*TASK BRIEF:* Ignoring every picture, return the lines of the listing below word for word, from the line that holds "Rüzgarlı bir günde" through the line that holds "Image related to Eden".

┄┄┄┄┄┄

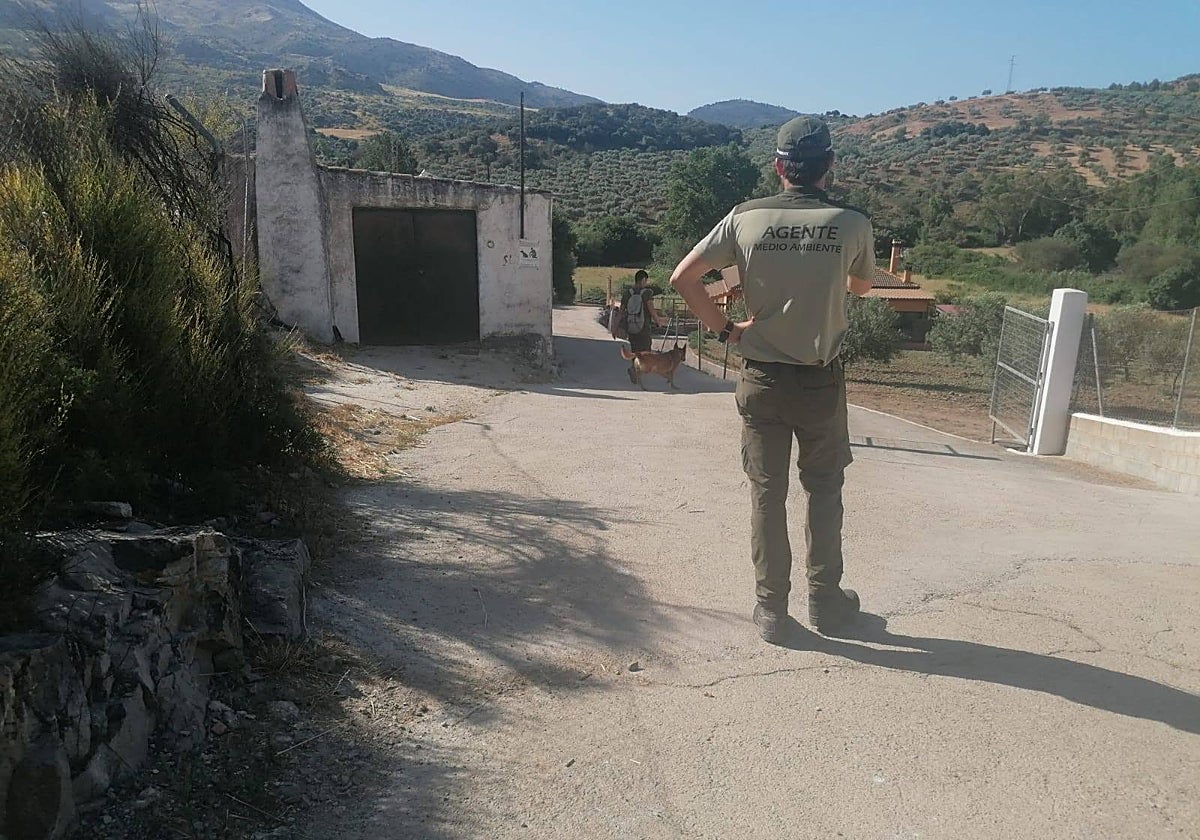 Environmental officers drafted in to search for poison following the death of several pets in El Burgo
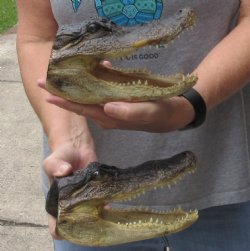 2 piece lot of Alligator heads 7-1/4 & 7-3/4 - $26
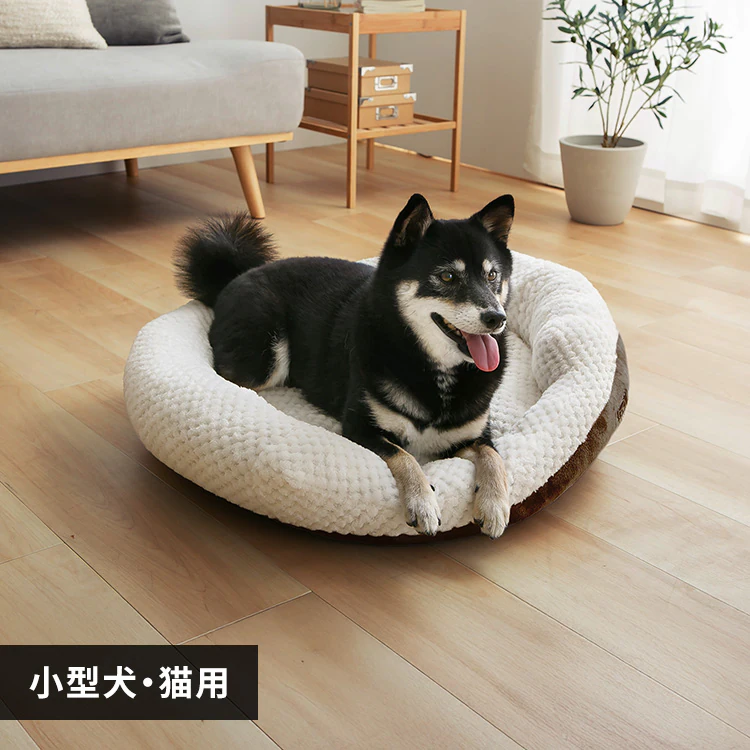 �ǉ����i�T���l�C��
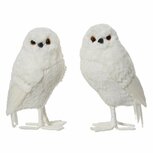 Decoratie Uil 14x13x25 cm Wit Assorti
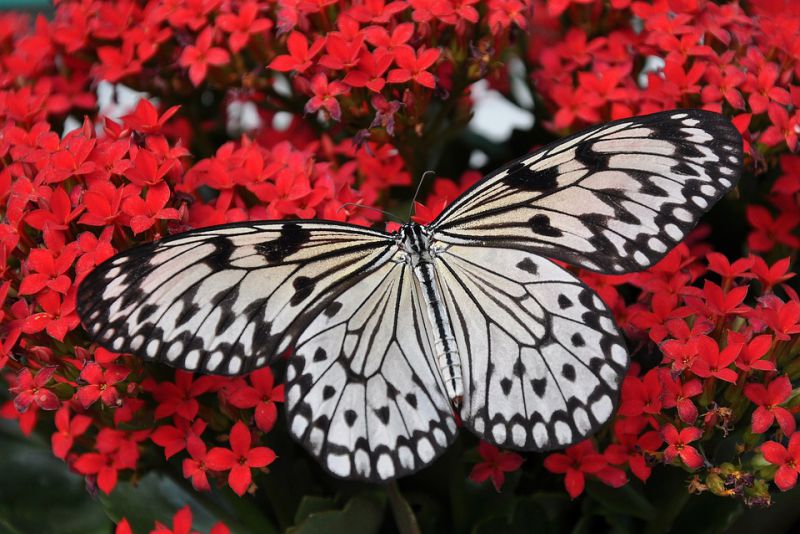 Transparent wings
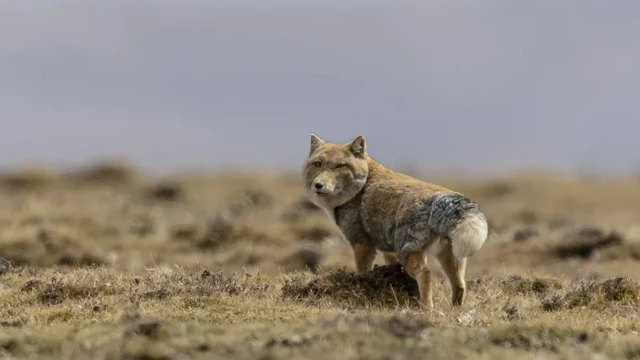 Тибетська лисиця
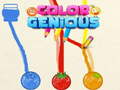 Játék Color Genious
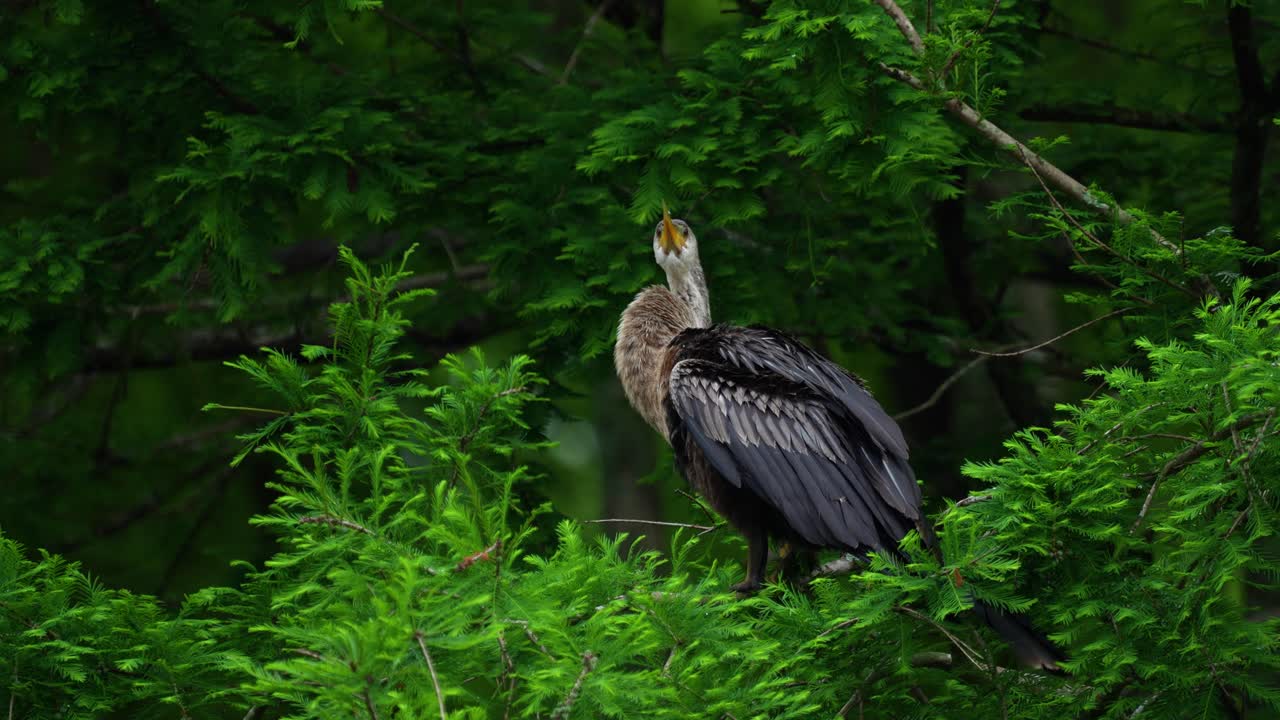 Rüzgarlı bir günde sulak alan bataklığında bir ağaç dalında oturan, dışkılayan ve idrar yapan Anhinga, Florida 4K.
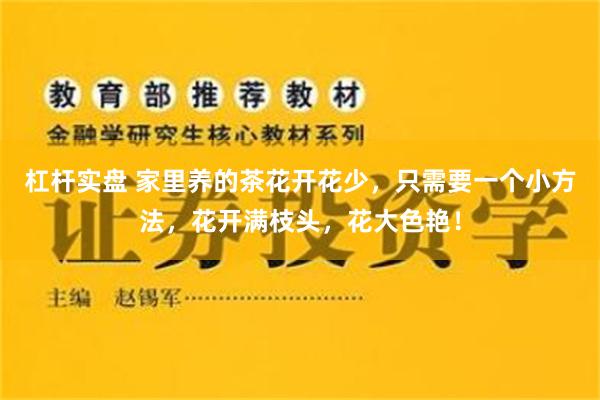 杠杆实盘 家里养的茶花开花少，只需要一个小方法，花开满枝头，花大色艳！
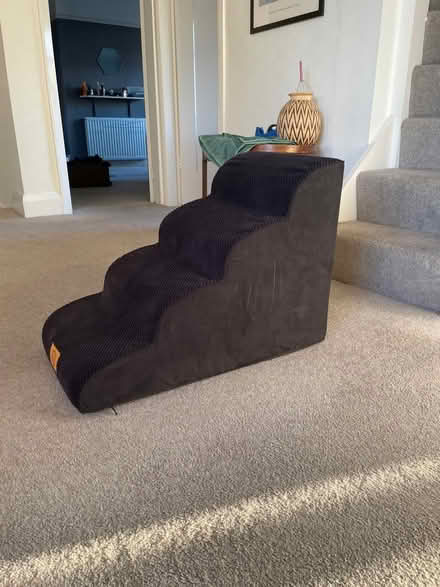 Photo of free Four-step access ramp for dogs (Aigburth, L17) #2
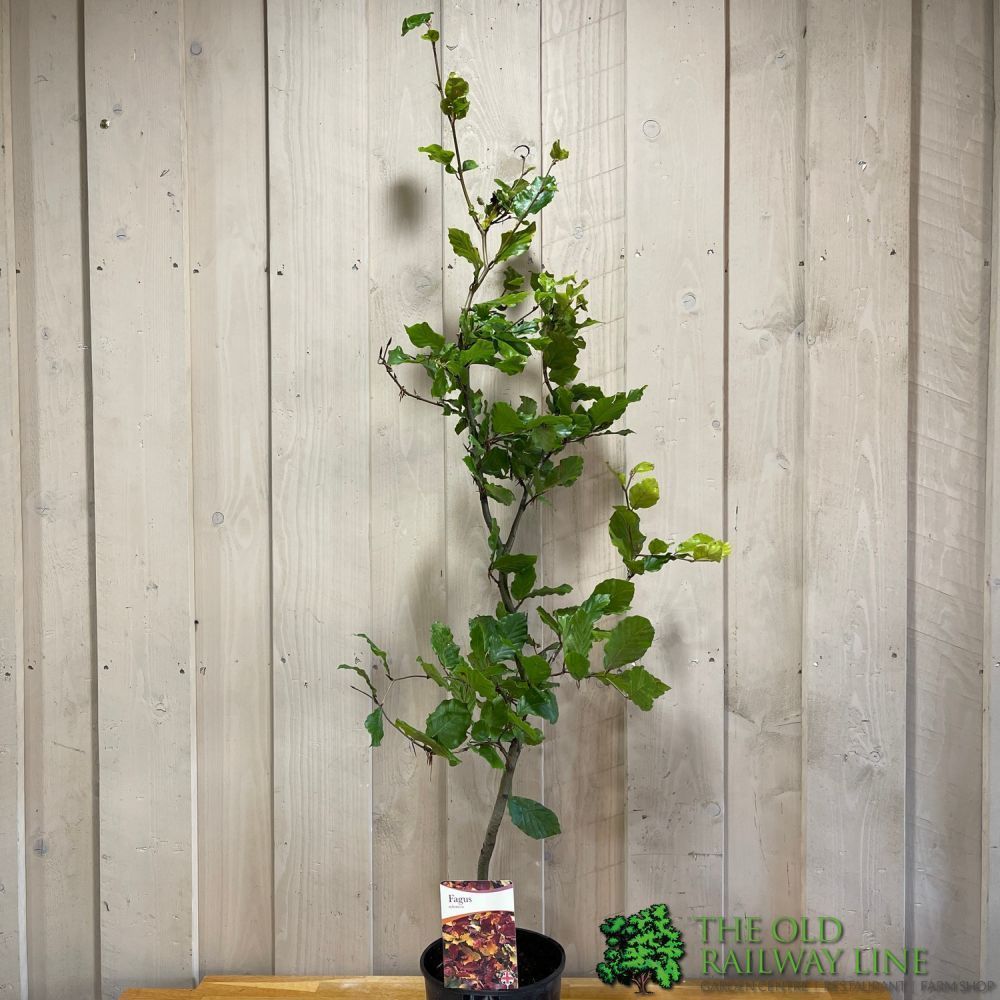 Fagus sylvatica Common Beech tree 3Ltr Pot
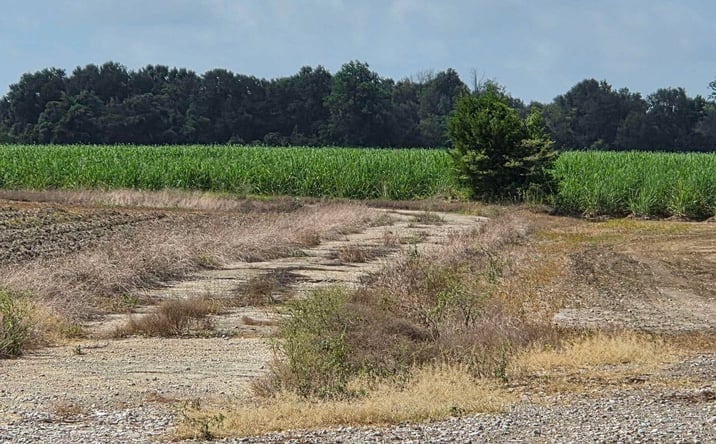 Pictures of Land property located at 2101 Savoy Rd, Youngsville, LA 70592 for sales - image #1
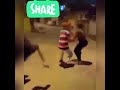 دي اللي قادره دي بت فاجره        نجومي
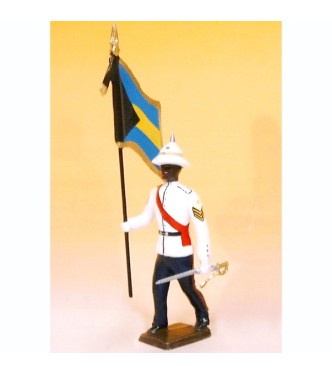 porte-drapeau des Bahamas Police Forces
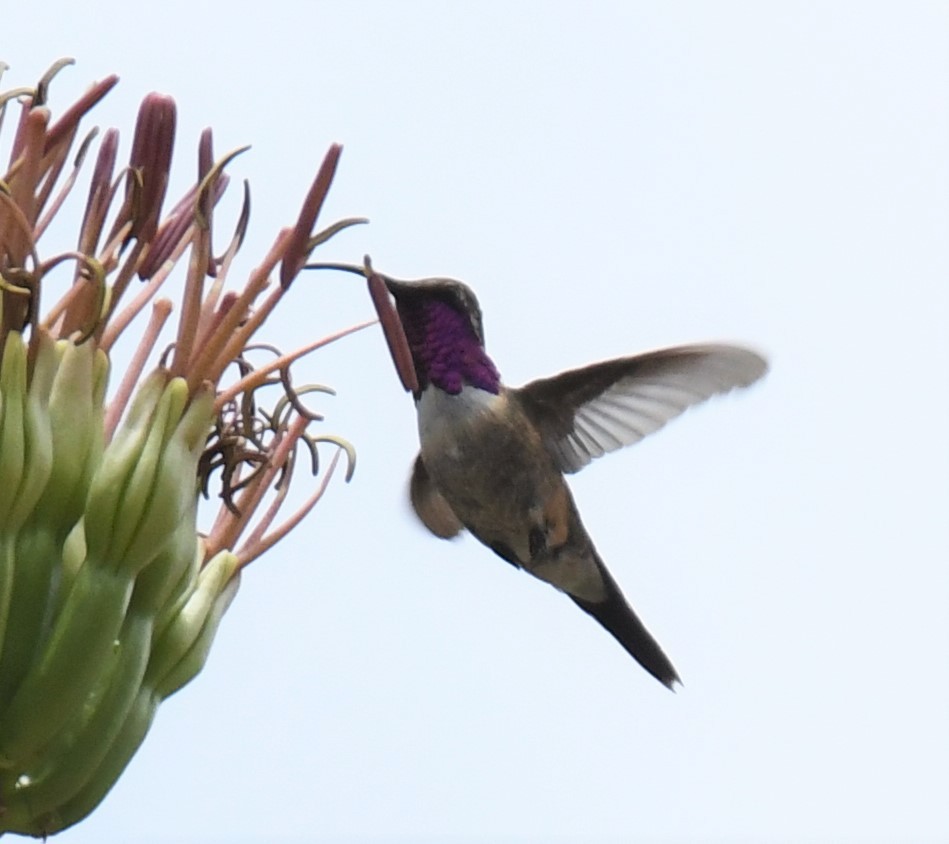 Lucifer Hummingbird - ML356183621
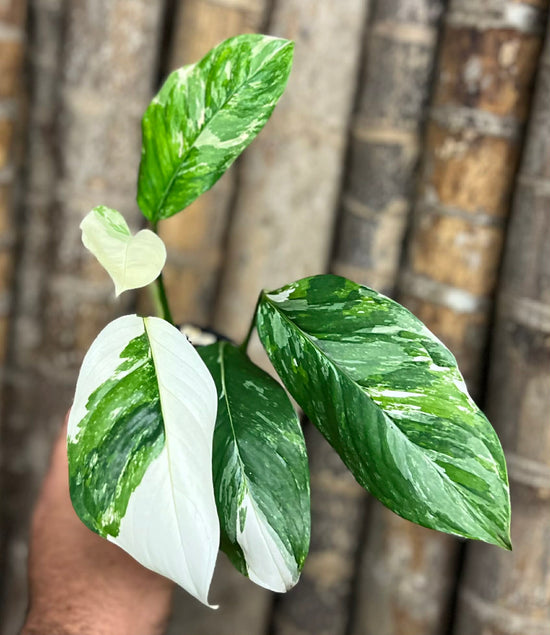 Monstera lechleriana &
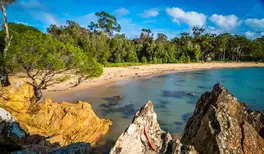 Image related to Eden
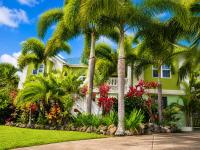 Eden Apartments - B&B Basseterre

┄┄┄┄┄┄

*FINISHED EXERCISE:*
 Rüzgarlı bir günde sulak alan bataklığında bir ağaç dalında oturan, dışkılayan ve idrar yapan Anhinga, Florida 4K.
 杠杆实盘 家里养的茶花开花少，只需要一个小方法，花开满枝头，花大色艳！
 Photo of free Four-step access ramp for dogs (Aigburth, L17) #2
 Fagus sylvatica Common Beech tree 3Ltr Pot
 Pictures of Land property located at 2101 Savoy Rd, Youngsville, LA 70592 for sales - image #1
 دي اللي قادره دي بت فاجره        نجومي
 porte-drapeau des Bahamas Police Forces
 Lucifer Hummingbird - ML356183621
 Monstera lechleriana &
 Image related to Eden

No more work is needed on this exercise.